Instructions for the task -
Below are entries. Reproduce exactly the lines between the line holding "Hắc Sâm Củ Khô Daedong 300g (11–20 Củ)" and the line holding "Startech.com Adaptador Convertidor", inclusive, and only those.

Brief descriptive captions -

◇ ◇ ◇ ◇ ◇

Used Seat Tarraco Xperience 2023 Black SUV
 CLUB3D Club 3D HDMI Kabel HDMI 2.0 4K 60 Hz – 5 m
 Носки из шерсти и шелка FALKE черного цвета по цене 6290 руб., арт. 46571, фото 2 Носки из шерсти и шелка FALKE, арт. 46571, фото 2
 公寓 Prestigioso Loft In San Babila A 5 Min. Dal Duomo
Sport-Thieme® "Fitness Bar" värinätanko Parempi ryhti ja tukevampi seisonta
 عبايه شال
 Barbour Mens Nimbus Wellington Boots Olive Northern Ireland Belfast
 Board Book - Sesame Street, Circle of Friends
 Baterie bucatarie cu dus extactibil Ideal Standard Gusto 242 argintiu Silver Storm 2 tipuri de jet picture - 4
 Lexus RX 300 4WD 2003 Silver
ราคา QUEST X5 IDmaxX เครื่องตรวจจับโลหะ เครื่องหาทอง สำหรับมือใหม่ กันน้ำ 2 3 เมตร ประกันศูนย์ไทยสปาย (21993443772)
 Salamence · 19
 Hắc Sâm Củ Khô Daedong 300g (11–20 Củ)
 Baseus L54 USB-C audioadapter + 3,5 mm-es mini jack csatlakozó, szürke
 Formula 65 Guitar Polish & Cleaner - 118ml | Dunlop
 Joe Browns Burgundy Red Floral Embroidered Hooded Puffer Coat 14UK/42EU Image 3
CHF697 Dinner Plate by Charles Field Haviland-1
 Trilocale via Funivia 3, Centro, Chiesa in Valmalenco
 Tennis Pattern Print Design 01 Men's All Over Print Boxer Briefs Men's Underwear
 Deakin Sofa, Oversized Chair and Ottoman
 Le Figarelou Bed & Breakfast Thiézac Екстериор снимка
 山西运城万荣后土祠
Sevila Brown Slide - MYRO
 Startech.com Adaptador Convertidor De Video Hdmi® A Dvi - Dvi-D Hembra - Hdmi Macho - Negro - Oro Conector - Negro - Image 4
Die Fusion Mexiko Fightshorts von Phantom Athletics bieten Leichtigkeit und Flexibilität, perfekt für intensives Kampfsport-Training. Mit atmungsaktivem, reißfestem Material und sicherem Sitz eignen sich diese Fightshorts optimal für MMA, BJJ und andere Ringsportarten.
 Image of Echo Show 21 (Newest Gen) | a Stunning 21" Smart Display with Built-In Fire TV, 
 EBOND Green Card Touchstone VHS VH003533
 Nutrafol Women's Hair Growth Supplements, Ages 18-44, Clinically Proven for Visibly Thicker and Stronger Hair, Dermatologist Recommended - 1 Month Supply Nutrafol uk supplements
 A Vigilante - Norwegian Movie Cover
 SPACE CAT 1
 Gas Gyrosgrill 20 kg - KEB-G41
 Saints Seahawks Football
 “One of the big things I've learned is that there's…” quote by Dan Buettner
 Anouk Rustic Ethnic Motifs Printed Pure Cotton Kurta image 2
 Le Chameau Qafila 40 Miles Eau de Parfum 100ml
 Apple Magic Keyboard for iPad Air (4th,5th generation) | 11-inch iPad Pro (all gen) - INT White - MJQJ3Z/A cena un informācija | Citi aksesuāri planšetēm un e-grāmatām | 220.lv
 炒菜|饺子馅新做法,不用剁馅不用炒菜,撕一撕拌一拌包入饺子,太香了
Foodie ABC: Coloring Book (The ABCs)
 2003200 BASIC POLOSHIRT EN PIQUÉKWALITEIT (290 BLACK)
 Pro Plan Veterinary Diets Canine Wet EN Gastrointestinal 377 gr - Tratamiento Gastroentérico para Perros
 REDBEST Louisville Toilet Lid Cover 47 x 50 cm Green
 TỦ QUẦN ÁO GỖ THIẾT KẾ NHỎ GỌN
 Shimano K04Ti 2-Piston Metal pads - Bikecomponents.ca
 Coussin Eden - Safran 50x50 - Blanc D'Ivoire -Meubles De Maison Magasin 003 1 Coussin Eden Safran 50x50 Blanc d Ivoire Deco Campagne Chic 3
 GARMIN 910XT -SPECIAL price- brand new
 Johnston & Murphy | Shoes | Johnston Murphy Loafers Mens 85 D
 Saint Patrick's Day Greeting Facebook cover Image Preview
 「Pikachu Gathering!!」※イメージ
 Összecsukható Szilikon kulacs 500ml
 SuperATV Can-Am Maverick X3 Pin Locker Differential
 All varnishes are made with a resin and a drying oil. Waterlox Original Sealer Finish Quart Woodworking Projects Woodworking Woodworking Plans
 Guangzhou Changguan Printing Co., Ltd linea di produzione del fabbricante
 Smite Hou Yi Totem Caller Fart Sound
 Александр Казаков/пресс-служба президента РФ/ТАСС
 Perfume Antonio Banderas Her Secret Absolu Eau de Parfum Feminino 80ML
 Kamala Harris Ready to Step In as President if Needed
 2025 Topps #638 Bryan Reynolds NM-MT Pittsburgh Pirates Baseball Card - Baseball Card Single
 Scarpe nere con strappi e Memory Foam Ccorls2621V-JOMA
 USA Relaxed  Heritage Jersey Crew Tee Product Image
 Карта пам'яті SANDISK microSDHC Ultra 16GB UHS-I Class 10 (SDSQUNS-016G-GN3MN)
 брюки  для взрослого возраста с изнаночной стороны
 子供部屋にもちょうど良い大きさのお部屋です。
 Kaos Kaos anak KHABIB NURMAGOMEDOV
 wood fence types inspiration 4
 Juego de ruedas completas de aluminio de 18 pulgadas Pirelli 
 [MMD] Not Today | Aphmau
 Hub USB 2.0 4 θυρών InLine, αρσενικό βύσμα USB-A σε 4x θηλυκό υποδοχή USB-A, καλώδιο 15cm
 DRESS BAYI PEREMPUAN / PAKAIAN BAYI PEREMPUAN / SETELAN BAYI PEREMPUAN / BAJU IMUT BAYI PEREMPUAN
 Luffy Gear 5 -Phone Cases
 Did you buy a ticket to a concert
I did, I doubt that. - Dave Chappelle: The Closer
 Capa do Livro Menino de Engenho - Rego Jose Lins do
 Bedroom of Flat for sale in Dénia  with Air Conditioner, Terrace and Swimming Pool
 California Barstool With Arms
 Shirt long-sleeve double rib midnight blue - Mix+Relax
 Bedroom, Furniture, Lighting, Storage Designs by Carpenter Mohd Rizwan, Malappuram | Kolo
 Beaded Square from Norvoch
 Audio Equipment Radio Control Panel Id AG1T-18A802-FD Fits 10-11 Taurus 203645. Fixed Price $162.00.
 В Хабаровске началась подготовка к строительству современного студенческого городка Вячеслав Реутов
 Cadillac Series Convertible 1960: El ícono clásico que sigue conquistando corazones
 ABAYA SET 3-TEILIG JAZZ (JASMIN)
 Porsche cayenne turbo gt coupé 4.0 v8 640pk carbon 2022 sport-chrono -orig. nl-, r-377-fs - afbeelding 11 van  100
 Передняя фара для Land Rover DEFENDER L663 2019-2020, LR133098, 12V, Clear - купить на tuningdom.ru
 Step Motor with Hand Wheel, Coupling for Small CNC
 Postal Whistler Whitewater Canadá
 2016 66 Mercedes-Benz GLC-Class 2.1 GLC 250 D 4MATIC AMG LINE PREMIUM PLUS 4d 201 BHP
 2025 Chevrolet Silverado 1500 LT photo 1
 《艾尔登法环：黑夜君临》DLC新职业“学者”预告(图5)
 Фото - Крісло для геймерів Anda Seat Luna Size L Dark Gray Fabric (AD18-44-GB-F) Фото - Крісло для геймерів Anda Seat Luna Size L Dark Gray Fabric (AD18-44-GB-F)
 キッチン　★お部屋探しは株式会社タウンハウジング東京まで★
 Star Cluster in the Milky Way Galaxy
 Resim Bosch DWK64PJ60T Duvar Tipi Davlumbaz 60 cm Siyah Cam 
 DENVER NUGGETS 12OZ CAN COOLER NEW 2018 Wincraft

◇ ◇ ◇ ◇ ◇

Exercise result -
 Hắc Sâm Củ Khô Daedong 300g (11–20 Củ)
 Baseus L54 USB-C audioadapter + 3,5 mm-es mini jack csatlakozó, szürke
 Formula 65 Guitar Polish & Cleaner - 118ml | Dunlop
 Joe Browns Burgundy Red Floral Embroidered Hooded Puffer Coat 14UK/42EU Image 3
CHF697 Dinner Plate by Charles Field Haviland-1
 Trilocale via Funivia 3, Centro, Chiesa in Valmalenco
 Tennis Pattern Print Design 01 Men's All Over Print Boxer Briefs Men's Underwear
 Deakin Sofa, Oversized Chair and Ottoman
 Le Figarelou Bed & Breakfast Thiézac Екстериор снимка
 山西运城万荣后土祠
Sevila Brown Slide - MYRO
 Startech.com Adaptador Convertidor De Video Hdmi® A Dvi - Dvi-D Hembra - Hdmi Macho - Negro - Oro Conector - Negro - Image 4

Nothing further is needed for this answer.